[Configuration] Cluster configuration. TcpFailureDetector is used. Synchronous replication ChannelException is thrown when the destination node downs in the session replication. ChannelException is caught by TcpFailureDetector, and verifies the member in TcpFailureDetector#memberDisappeared. In TcpFailureDetector#memberAlive method, the member who failed in replication is checked to see if the member really is down. Because member already is gone, TcpFailureDetector#memberAlive do the timeout in 1 sec(default 1 sec). Then, member is removed from membership by membership#removeMember, and super.memberDisappeared(member) will be called.
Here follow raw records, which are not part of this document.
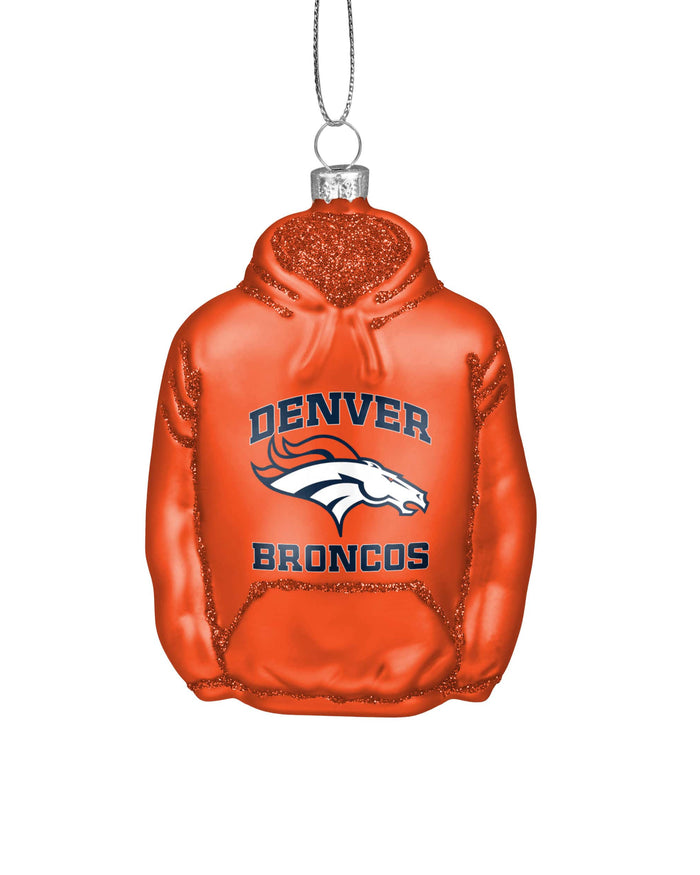Denver Broncos Glitter Hoodie Ornament FOCO - FOCO.com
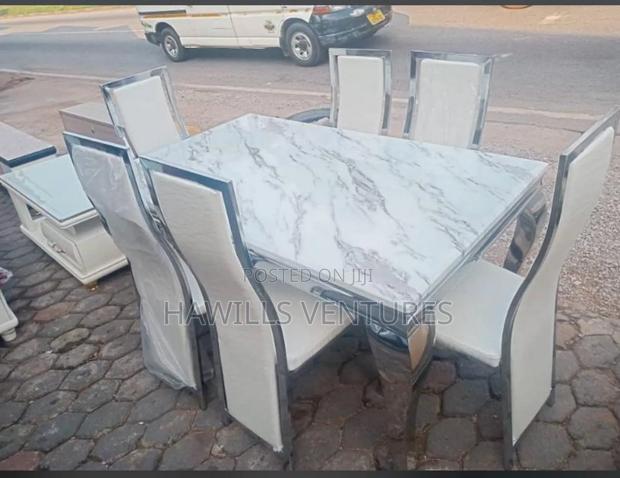 Marble Dining Set With (6)Chairs. · Photo 1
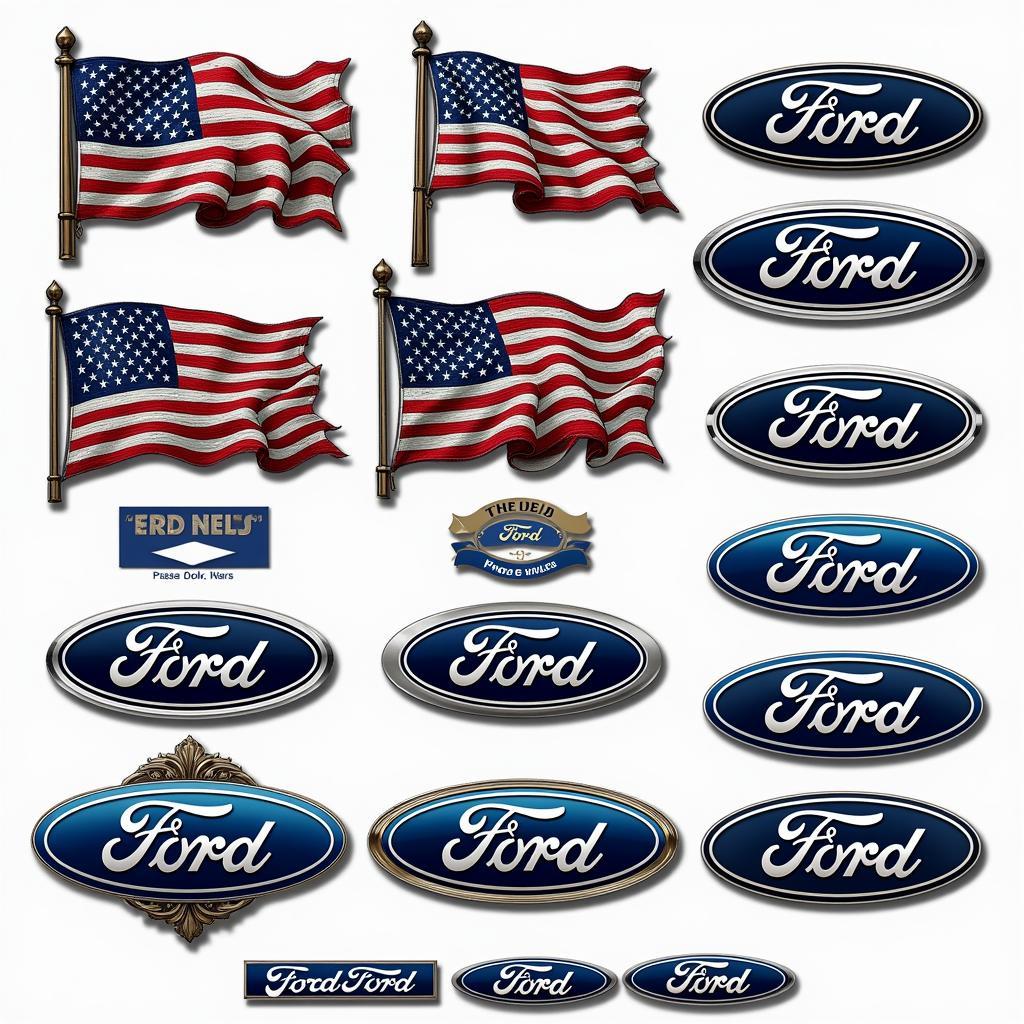 Custom-Designed Ford Flag Emblems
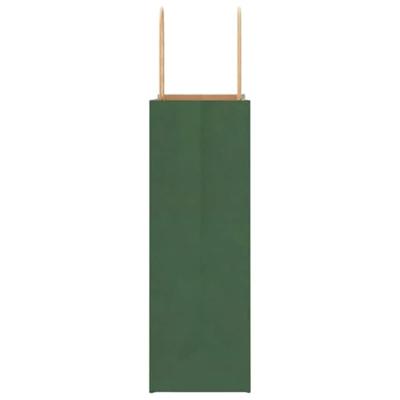 VidaXL Papieren zakken 250 st met hengsels 21x11x31 cm groen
TcpFailureDetector#memberDisappeared is as follows. === public void memberDisappeared(Member member) { ...skip synchronized (membership) { //check to see if the member really is gone //if the payload is not a shutdown message if (shutdown || !memberAlive(member)) { //not correct, we need to maintain the map membership.removeMember( (MemberImpl) member); removeSuspects.remove(member); notify = true; } else { //add the member as suspect removeSuspects.put(member, new Long(System.currentTimeMillis())); } } ...skip } === All threads to wait for the acquisition of the lock of membership call the memberAlive method every time. And, the timeout will be done every time in 1 sec. As result, in high-concurrent, decrease in a cruel response may happen. For instance, when 100 threads waiting for the lock of membership, the thread to have acquired the lock at the end can not return the response for 100 sec. If member has not already existed in membership, TcpFailureDetector#memberAlive method need not be called. I made a patch. Best regards.
Created attachment 25233 [details] TcpFailureDetector's patch I made a patch.
Fixed in trunk and proposed for 6.0.x.
This fix applied to 6.0, will be in 6.0.27 onwards.